Students Prepare for Redesigned STAAR Tests


From April 18 to May 12, high school students will take the redesigned State of Texas Assessment of Academic Readiness (STAAR) to measure their understanding of class materials 

The STAAR test measures a student’s comprehension of the Texas Essential Knowledge and Skills (TEKS) curriculum, which is the standard in Texas.

“The biggest challenge for the STAAR exam is the amount of content that is supposed to be covered in the course and the actual amount of time given to teach it through the year,” Biology teacher Brandi Gates said. “Due to time restraints, content in the course is taught at an insanely fast pace. This unfortunately, gives little time for reteaching [or] reviewing and also less time for more applicable hands-on activities and labs that would really grab students’ attention, allowing them to better relate the course material to daily life.”

This year, there will be STAAR tests for Biology, English I and II, U.S. History and Algebra I. 
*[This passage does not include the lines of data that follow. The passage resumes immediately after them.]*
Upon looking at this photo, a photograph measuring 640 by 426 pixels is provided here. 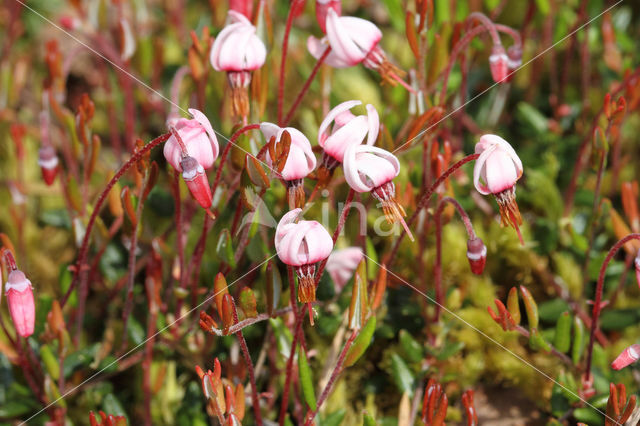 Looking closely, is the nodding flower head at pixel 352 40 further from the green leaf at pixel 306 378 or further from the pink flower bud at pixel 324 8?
the green leaf at pixel 306 378

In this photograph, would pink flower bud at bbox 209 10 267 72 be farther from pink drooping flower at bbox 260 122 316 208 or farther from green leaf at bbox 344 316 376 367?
green leaf at bbox 344 316 376 367

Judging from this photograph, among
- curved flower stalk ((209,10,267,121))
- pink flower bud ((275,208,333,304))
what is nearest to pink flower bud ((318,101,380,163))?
pink flower bud ((275,208,333,304))

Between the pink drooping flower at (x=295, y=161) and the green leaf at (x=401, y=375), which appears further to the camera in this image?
the green leaf at (x=401, y=375)

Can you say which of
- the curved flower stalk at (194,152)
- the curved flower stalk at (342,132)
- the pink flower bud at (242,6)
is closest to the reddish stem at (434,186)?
the curved flower stalk at (342,132)

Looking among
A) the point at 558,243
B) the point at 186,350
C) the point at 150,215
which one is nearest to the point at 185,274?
the point at 186,350

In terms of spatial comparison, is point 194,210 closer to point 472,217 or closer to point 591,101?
point 472,217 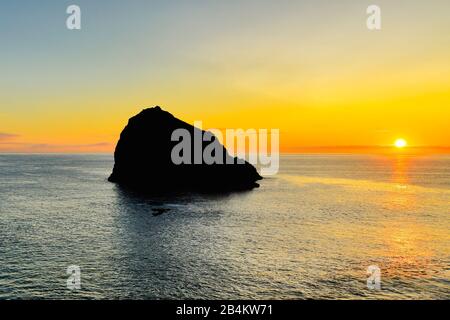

“We prepare the English II classes in a variety of ways,” English teacher Sharon Lingle said.  “The biggest preparation we give our students is intervention rotations that are done every six weeks. We also do smaller preparations like spiraling in TEKS that students need to focus on such as revising and editing and inference skills.”

In response to House Bill 3906, the STAAR test has been redesigned for the 2022-2023 school year to reflect the classroom environment more closely. 

“Even other students and teachers agree that most things that are on the STAAR test, we don’t even cover,” sophomore Avea Dearing said. “I feel like the regular tests we take in class are more accurate.”

The new STAAR test will rely less on multiple-choice questions and more on short-answer questions to replicate teachers in class. The test will be online only, to make it more accessible for students and their needs.

“I don’t like standardized tests,” U.S. History teacher James Bowling said. “You don’t have to know everything about U.S. History to have a successful life. I would focus more on critical thinking skills and projects and team collaboration.”

The STAAR is required for graduation but is not the only way to measure student success. The Texas Education Agency (TEA) suggests using the STAAR along with grades, teacher reports and classwork to get a full measure of a student. 

“It is good to assess the skills students have been taught throughout the year,” English teacher Colby Rodgers said. “However, I think there are several ways to assess it, not just a standardized test of this format.”